*** SOURCE DATA ***
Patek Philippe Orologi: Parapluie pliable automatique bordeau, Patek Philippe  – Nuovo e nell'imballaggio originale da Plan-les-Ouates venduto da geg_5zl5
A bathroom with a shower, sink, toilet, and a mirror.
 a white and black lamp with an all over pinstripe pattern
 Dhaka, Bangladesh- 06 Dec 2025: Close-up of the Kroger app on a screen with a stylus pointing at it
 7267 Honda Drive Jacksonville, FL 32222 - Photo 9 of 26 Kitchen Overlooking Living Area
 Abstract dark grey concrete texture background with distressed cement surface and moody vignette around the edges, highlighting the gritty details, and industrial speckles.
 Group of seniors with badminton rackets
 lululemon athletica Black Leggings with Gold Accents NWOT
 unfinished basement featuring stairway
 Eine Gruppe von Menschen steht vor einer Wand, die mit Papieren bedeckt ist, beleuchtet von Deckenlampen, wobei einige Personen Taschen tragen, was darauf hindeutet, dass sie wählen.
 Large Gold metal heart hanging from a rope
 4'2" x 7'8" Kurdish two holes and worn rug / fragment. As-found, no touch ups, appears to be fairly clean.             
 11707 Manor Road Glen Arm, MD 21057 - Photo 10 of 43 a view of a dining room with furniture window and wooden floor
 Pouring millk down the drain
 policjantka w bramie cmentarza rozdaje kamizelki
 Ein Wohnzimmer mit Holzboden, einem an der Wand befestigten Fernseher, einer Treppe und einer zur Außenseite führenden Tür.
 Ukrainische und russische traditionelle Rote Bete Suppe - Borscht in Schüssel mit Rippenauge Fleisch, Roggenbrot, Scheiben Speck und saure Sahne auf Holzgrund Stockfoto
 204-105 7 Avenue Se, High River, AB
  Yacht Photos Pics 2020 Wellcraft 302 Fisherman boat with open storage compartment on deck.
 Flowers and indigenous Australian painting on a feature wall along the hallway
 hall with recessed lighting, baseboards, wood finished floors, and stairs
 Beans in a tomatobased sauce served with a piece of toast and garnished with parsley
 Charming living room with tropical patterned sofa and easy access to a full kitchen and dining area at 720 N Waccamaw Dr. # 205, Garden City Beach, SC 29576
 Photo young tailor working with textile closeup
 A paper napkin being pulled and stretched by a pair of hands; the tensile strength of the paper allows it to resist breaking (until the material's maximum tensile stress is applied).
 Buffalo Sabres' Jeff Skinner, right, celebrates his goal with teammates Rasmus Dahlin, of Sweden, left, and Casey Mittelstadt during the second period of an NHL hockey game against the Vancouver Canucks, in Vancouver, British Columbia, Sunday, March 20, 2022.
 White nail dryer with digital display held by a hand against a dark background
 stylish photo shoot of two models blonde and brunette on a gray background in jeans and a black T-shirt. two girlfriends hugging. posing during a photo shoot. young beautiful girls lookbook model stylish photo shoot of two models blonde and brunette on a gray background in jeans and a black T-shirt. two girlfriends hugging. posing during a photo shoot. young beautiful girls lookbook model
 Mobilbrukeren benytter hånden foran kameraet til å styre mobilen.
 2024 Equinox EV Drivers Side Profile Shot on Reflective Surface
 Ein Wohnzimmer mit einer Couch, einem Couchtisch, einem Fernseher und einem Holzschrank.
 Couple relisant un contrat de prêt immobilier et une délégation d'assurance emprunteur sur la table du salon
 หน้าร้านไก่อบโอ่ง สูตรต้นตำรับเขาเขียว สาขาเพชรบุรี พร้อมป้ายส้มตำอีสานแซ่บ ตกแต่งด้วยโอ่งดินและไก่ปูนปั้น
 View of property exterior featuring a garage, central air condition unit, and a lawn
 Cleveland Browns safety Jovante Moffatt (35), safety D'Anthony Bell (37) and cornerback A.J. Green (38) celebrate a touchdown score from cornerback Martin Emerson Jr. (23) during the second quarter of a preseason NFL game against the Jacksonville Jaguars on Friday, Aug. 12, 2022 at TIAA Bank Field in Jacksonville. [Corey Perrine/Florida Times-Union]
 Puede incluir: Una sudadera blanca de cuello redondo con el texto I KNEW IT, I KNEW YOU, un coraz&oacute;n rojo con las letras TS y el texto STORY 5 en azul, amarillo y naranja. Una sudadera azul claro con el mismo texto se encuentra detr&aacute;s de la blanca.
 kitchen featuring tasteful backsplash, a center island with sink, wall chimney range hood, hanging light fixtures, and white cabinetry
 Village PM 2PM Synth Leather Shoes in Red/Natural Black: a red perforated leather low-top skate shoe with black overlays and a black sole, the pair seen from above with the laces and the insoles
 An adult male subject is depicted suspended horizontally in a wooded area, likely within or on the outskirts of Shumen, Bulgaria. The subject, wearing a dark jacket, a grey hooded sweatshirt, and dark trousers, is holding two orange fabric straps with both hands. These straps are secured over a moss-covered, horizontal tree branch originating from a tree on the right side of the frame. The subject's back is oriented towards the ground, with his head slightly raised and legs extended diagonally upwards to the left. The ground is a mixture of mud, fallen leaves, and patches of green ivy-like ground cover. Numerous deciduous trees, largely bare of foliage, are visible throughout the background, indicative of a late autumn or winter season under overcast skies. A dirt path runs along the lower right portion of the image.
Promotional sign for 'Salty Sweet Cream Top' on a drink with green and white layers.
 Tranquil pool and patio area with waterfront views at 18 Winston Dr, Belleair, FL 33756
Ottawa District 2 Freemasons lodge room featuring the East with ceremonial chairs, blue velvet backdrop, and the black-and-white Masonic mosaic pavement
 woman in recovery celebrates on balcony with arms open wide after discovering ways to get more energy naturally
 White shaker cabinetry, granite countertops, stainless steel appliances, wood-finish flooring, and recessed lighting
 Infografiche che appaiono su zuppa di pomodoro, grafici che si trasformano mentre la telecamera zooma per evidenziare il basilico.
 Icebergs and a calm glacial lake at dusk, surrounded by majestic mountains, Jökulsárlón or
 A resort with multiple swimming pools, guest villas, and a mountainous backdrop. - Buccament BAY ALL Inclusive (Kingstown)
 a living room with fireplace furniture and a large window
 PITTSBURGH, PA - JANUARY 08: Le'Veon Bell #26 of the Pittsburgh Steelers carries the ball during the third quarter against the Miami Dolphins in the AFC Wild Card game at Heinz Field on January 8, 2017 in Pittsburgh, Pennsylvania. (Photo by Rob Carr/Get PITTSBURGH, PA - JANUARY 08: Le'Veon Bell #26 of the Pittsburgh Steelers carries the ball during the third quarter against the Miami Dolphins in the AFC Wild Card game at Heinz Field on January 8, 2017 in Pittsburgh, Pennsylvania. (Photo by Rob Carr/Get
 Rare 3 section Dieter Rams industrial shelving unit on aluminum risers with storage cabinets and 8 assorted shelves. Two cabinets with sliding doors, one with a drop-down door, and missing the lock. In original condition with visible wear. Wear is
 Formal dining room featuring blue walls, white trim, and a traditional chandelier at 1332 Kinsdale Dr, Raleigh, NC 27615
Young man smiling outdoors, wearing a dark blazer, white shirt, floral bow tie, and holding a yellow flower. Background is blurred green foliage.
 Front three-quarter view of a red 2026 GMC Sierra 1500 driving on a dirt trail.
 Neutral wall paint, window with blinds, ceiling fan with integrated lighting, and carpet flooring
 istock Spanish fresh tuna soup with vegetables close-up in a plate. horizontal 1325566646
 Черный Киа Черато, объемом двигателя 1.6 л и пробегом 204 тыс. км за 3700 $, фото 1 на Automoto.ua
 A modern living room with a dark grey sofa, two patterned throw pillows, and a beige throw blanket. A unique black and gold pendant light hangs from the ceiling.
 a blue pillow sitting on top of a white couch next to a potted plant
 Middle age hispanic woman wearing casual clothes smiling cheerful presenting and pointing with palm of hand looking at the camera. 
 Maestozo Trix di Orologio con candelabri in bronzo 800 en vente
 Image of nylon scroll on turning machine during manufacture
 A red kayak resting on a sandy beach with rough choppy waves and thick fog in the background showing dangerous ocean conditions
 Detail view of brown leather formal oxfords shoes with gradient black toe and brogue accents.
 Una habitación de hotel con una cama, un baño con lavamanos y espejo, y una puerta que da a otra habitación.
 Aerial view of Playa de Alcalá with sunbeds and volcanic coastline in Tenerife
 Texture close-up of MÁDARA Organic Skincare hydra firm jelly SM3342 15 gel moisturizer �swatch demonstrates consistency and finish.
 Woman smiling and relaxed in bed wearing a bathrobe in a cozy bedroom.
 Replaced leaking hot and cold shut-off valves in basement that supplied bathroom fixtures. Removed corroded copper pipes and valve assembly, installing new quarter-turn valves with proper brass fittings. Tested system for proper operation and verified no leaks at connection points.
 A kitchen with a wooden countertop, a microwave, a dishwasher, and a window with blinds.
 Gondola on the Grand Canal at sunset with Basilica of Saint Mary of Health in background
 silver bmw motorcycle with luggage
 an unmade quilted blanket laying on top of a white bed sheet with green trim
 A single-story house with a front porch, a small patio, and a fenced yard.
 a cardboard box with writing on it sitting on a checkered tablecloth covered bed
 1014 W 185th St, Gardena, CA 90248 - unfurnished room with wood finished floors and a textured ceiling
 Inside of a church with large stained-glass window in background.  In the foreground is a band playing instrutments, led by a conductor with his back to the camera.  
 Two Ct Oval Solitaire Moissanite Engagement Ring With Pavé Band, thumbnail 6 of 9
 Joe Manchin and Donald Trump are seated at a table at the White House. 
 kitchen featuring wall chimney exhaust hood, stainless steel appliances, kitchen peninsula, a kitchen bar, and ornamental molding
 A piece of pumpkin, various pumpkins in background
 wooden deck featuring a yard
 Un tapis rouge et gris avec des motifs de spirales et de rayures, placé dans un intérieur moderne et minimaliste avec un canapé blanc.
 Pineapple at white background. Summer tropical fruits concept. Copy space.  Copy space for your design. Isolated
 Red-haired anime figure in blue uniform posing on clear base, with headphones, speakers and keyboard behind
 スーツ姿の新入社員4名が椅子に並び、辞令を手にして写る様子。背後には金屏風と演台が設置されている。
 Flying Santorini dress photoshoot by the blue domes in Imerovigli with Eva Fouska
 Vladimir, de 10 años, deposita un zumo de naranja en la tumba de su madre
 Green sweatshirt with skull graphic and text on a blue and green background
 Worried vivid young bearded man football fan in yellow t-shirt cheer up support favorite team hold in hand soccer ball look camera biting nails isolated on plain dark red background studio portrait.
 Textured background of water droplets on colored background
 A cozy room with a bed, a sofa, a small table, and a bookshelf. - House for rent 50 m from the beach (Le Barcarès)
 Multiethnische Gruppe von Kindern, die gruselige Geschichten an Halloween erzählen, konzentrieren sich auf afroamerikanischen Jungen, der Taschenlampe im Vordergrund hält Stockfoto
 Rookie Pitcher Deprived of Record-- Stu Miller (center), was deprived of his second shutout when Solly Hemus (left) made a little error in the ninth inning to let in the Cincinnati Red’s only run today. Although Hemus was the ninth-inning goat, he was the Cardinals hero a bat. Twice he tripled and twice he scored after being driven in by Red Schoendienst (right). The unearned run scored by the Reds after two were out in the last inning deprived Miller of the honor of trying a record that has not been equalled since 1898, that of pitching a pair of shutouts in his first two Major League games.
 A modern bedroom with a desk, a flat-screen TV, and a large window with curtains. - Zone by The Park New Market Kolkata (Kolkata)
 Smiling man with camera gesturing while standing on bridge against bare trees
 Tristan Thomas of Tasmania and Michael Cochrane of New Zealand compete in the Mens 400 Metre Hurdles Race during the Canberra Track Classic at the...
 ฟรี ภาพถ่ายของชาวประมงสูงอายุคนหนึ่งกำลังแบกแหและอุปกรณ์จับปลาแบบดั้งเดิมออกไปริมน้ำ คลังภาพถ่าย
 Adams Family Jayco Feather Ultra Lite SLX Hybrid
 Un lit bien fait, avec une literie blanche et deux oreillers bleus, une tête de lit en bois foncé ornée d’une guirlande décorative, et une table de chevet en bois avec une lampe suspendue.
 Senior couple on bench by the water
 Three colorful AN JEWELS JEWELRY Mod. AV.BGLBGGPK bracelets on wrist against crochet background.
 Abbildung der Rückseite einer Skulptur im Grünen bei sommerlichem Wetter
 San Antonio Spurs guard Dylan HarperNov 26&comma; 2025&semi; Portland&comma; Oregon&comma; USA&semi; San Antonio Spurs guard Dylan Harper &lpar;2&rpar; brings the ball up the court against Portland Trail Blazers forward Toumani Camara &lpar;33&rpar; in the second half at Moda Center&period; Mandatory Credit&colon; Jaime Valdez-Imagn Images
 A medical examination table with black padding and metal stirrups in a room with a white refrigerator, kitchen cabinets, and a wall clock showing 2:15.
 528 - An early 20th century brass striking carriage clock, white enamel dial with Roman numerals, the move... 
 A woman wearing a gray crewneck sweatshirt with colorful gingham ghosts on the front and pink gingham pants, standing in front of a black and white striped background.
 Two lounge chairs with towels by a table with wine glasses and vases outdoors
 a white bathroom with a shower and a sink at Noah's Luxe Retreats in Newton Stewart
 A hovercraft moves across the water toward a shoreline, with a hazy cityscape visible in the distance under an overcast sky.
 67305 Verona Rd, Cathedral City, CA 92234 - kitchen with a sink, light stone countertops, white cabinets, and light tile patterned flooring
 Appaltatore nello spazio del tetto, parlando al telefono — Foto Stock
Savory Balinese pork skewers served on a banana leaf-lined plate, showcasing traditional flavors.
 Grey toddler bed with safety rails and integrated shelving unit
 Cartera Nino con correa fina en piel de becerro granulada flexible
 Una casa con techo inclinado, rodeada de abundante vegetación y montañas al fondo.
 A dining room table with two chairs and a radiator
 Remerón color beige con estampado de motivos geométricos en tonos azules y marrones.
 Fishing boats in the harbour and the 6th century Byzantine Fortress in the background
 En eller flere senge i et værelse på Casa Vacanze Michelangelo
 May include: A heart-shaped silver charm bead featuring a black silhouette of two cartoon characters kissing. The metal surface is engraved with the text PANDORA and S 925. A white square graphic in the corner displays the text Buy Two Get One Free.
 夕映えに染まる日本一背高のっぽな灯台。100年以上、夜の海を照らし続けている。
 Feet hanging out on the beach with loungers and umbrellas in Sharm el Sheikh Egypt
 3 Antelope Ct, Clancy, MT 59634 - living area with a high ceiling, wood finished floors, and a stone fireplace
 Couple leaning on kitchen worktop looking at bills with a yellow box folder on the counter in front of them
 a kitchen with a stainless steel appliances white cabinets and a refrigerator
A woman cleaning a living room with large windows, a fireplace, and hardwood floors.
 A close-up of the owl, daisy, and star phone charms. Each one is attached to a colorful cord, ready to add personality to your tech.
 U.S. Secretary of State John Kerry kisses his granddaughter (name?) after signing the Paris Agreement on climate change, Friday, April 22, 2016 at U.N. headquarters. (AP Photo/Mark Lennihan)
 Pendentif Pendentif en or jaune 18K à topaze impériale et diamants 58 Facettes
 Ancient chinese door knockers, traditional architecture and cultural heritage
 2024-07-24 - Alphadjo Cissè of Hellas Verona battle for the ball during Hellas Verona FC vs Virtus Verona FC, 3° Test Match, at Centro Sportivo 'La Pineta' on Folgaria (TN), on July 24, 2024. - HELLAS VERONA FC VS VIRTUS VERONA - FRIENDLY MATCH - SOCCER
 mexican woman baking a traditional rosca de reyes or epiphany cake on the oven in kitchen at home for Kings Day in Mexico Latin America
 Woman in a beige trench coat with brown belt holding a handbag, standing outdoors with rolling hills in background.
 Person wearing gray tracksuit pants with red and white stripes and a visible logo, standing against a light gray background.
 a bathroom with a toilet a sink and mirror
***
PROBLEM DESCRIPTION –
In the data above, find the line with "Un lit bien" and the line with "Abbildung der Rückseite". Retype both, plus every line between them, exactly.

ANSWER TO THIS EXERCISE –
 Un lit bien fait, avec une literie blanche et deux oreillers bleus, une tête de lit en bois foncé ornée d’une guirlande décorative, et une table de chevet en bois avec une lampe suspendue.
 Senior couple on bench by the water
 Three colorful AN JEWELS JEWELRY Mod. AV.BGLBGGPK bracelets on wrist against crochet background.
 Abbildung der Rückseite einer Skulptur im Grünen bei sommerlichem Wetter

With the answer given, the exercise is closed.